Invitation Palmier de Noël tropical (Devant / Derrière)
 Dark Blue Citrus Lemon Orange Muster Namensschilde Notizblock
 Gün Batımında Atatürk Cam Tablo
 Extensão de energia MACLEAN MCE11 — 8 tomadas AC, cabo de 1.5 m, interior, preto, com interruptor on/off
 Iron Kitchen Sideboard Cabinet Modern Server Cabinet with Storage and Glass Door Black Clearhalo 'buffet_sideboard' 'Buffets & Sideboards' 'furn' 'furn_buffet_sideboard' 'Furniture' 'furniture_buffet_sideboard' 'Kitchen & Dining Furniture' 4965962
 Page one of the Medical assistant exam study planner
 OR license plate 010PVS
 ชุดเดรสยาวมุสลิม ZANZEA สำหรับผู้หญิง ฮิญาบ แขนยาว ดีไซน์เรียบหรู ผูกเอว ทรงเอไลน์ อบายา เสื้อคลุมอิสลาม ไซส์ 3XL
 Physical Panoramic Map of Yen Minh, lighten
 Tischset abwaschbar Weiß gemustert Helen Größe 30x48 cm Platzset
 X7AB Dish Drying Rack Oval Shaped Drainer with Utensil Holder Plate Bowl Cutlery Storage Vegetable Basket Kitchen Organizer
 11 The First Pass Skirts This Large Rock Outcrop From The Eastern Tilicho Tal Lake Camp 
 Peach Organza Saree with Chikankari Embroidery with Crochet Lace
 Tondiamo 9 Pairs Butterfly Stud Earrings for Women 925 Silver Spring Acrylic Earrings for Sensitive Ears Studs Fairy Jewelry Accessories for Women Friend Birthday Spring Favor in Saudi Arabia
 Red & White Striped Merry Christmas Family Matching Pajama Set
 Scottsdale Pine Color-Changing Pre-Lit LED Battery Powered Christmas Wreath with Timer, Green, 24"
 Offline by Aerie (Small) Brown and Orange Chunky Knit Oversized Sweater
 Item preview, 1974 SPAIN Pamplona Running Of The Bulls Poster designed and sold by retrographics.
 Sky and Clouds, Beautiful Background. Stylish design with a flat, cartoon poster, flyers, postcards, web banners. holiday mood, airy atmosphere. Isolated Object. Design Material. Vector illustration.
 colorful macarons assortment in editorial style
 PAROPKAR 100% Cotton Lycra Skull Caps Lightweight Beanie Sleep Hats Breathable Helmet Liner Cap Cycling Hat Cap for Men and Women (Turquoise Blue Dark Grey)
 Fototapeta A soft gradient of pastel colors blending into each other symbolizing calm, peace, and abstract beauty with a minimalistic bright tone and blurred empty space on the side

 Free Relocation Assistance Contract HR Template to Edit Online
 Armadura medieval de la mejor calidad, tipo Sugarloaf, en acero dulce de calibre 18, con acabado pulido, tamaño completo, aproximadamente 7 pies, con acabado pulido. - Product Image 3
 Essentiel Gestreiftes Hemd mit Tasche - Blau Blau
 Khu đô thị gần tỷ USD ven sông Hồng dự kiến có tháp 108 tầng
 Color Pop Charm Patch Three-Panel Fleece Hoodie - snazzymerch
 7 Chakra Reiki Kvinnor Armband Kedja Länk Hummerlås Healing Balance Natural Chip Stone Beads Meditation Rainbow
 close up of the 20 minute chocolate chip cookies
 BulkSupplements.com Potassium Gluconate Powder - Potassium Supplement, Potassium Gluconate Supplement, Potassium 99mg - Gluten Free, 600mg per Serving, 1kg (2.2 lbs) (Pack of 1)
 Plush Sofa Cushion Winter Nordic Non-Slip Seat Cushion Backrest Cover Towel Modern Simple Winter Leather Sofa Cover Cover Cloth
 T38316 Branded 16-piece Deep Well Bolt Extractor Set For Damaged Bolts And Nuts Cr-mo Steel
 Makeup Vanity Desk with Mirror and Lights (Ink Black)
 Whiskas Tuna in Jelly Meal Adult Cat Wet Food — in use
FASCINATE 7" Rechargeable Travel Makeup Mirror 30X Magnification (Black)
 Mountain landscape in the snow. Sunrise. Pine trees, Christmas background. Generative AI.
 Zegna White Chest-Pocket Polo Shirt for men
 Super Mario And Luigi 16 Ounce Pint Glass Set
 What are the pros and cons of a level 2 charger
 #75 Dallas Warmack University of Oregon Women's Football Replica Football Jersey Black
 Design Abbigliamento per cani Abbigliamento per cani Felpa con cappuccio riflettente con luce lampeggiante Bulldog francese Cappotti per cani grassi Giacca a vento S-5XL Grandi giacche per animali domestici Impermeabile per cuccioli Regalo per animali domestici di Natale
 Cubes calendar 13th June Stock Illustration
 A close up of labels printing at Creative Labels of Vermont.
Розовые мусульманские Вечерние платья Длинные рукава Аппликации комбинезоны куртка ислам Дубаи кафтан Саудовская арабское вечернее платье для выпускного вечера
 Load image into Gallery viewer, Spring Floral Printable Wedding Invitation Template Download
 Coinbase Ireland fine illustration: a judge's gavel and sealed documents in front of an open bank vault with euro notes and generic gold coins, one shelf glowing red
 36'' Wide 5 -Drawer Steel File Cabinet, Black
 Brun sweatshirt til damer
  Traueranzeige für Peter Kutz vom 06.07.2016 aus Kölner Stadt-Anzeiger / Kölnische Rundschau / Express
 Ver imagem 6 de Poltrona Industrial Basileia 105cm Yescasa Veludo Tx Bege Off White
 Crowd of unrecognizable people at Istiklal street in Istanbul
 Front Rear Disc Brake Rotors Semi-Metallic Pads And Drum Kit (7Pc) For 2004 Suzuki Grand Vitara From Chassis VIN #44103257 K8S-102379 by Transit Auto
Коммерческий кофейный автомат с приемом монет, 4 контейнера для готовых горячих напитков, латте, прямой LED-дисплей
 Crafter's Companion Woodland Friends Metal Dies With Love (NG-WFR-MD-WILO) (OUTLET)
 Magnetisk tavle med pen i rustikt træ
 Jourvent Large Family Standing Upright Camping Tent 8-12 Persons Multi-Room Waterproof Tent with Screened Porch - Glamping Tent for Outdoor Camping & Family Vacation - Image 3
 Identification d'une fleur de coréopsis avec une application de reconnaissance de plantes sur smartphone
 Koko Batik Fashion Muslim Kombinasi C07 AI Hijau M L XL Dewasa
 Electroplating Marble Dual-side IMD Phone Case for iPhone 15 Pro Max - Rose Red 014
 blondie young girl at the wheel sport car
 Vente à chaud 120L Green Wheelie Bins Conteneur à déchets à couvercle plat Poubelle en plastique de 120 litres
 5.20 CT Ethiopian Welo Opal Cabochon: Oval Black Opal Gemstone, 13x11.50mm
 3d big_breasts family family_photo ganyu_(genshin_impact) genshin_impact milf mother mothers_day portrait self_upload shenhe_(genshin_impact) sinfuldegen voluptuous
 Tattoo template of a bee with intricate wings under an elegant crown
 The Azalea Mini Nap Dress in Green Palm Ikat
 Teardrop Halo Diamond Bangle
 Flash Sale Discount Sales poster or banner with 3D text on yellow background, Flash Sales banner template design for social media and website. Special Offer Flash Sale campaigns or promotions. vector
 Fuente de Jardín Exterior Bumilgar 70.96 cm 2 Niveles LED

• Problem statement: Retype the entries one by one, exactly.

• Written reply:
Invitation Palmier de Noël tropical (Devant / Derrière)
 Dark Blue Citrus Lemon Orange Muster Namensschilde Notizblock
 Gün Batımında Atatürk Cam Tablo
 Extensão de energia MACLEAN MCE11 — 8 tomadas AC, cabo de 1.5 m, interior, preto, com interruptor on/off
 Iron Kitchen Sideboard Cabinet Modern Server Cabinet with Storage and Glass Door Black Clearhalo 'buffet_sideboard' 'Buffets & Sideboards' 'furn' 'furn_buffet_sideboard' 'Furniture' 'furniture_buffet_sideboard' 'Kitchen & Dining Furniture' 4965962
 Page one of the Medical assistant exam study planner
 OR license plate 010PVS
 ชุดเดรสยาวมุสลิม ZANZEA สำหรับผู้หญิง ฮิญาบ แขนยาว ดีไซน์เรียบหรู ผูกเอว ทรงเอไลน์ อบายา เสื้อคลุมอิสลาม ไซส์ 3XL
 Physical Panoramic Map of Yen Minh, lighten
 Tischset abwaschbar Weiß gemustert Helen Größe 30x48 cm Platzset
 X7AB Dish Drying Rack Oval Shaped Drainer with Utensil Holder Plate Bowl Cutlery Storage Vegetable Basket Kitchen Organizer
 11 The First Pass Skirts This Large Rock Outcrop From The Eastern Tilicho Tal Lake Camp 
 Peach Organza Saree with Chikankari Embroidery with Crochet Lace
 Tondiamo 9 Pairs Butterfly Stud Earrings for Women 925 Silver Spring Acrylic Earrings for Sensitive Ears Studs Fairy Jewelry Accessories for Women Friend Birthday Spring Favor in Saudi Arabia
 Red & White Striped Merry Christmas Family Matching Pajama Set
 Scottsdale Pine Color-Changing Pre-Lit LED Battery Powered Christmas Wreath with Timer, Green, 24"
 Offline by Aerie (Small) Brown and Orange Chunky Knit Oversized Sweater
 Item preview, 1974 SPAIN Pamplona Running Of The Bulls Poster designed and sold by retrographics.
 Sky and Clouds, Beautiful Background. Stylish design with a flat, cartoon poster, flyers, postcards, web banners. holiday mood, airy atmosphere. Isolated Object. Design Material. Vector illustration.
 colorful macarons assortment in editorial style
 PAROPKAR 100% Cotton Lycra Skull Caps Lightweight Beanie Sleep Hats Breathable Helmet Liner Cap Cycling Hat Cap for Men and Women (Turquoise Blue Dark Grey)
 Fototapeta A soft gradient of pastel colors blending into each other symbolizing calm, peace, and abstract beauty with a minimalistic bright tone and blurred empty space on the side

 Free Relocation Assistance Contract HR Template to Edit Online
 Armadura medieval de la mejor calidad, tipo Sugarloaf, en acero dulce de calibre 18, con acabado pulido, tamaño completo, aproximadamente 7 pies, con acabado pulido. - Product Image 3
 Essentiel Gestreiftes Hemd mit Tasche - Blau Blau
 Khu đô thị gần tỷ USD ven sông Hồng dự kiến có tháp 108 tầng
 Color Pop Charm Patch Three-Panel Fleece Hoodie - snazzymerch
 7 Chakra Reiki Kvinnor Armband Kedja Länk Hummerlås Healing Balance Natural Chip Stone Beads Meditation Rainbow
 close up of the 20 minute chocolate chip cookies
 BulkSupplements.com Potassium Gluconate Powder - Potassium Supplement, Potassium Gluconate Supplement, Potassium 99mg - Gluten Free, 600mg per Serving, 1kg (2.2 lbs) (Pack of 1)
 Plush Sofa Cushion Winter Nordic Non-Slip Seat Cushion Backrest Cover Towel Modern Simple Winter Leather Sofa Cover Cover Cloth
 T38316 Branded 16-piece Deep Well Bolt Extractor Set For Damaged Bolts And Nuts Cr-mo Steel
 Makeup Vanity Desk with Mirror and Lights (Ink Black)
 Whiskas Tuna in Jelly Meal Adult Cat Wet Food — in use
FASCINATE 7" Rechargeable Travel Makeup Mirror 30X Magnification (Black)
 Mountain landscape in the snow. Sunrise. Pine trees, Christmas background. Generative AI.
 Zegna White Chest-Pocket Polo Shirt for men
 Super Mario And Luigi 16 Ounce Pint Glass Set
 What are the pros and cons of a level 2 charger
 #75 Dallas Warmack University of Oregon Women's Football Replica Football Jersey Black
 Design Abbigliamento per cani Abbigliamento per cani Felpa con cappuccio riflettente con luce lampeggiante Bulldog francese Cappotti per cani grassi Giacca a vento S-5XL Grandi giacche per animali domestici Impermeabile per cuccioli Regalo per animali domestici di Natale
 Cubes calendar 13th June Stock Illustration
 A close up of labels printing at Creative Labels of Vermont.
Розовые мусульманские Вечерние платья Длинные рукава Аппликации комбинезоны куртка ислам Дубаи кафтан Саудовская арабское вечернее платье для выпускного вечера
 Load image into Gallery viewer, Spring Floral Printable Wedding Invitation Template Download
 Coinbase Ireland fine illustration: a judge's gavel and sealed documents in front of an open bank vault with euro notes and generic gold coins, one shelf glowing red
 36'' Wide 5 -Drawer Steel File Cabinet, Black
 Brun sweatshirt til damer
  Traueranzeige für Peter Kutz vom 06.07.2016 aus Kölner Stadt-Anzeiger / Kölnische Rundschau / Express
 Ver imagem 6 de Poltrona Industrial Basileia 105cm Yescasa Veludo Tx Bege Off White
 Crowd of unrecognizable people at Istiklal street in Istanbul
 Front Rear Disc Brake Rotors Semi-Metallic Pads And Drum Kit (7Pc) For 2004 Suzuki Grand Vitara From Chassis VIN #44103257 K8S-102379 by Transit Auto
Коммерческий кофейный автомат с приемом монет, 4 контейнера для готовых горячих напитков, латте, прямой LED-дисплей
 Crafter's Companion Woodland Friends Metal Dies With Love (NG-WFR-MD-WILO) (OUTLET)
 Magnetisk tavle med pen i rustikt træ
 Jourvent Large Family Standing Upright Camping Tent 8-12 Persons Multi-Room Waterproof Tent with Screened Porch - Glamping Tent for Outdoor Camping & Family Vacation - Image 3
 Identification d'une fleur de coréopsis avec une application de reconnaissance de plantes sur smartphone
 Koko Batik Fashion Muslim Kombinasi C07 AI Hijau M L XL Dewasa
 Electroplating Marble Dual-side IMD Phone Case for iPhone 15 Pro Max - Rose Red 014
 blondie young girl at the wheel sport car
 Vente à chaud 120L Green Wheelie Bins Conteneur à déchets à couvercle plat Poubelle en plastique de 120 litres
 5.20 CT Ethiopian Welo Opal Cabochon: Oval Black Opal Gemstone, 13x11.50mm
 3d big_breasts family family_photo ganyu_(genshin_impact) genshin_impact milf mother mothers_day portrait self_upload shenhe_(genshin_impact) sinfuldegen voluptuous
 Tattoo template of a bee with intricate wings under an elegant crown
 The Azalea Mini Nap Dress in Green Palm Ikat
 Teardrop Halo Diamond Bangle
 Flash Sale Discount Sales poster or banner with 3D text on yellow background, Flash Sales banner template design for social media and website. Special Offer Flash Sale campaigns or promotions. vector
 Fuente de Jardín Exterior Bumilgar 70.96 cm 2 Niveles LED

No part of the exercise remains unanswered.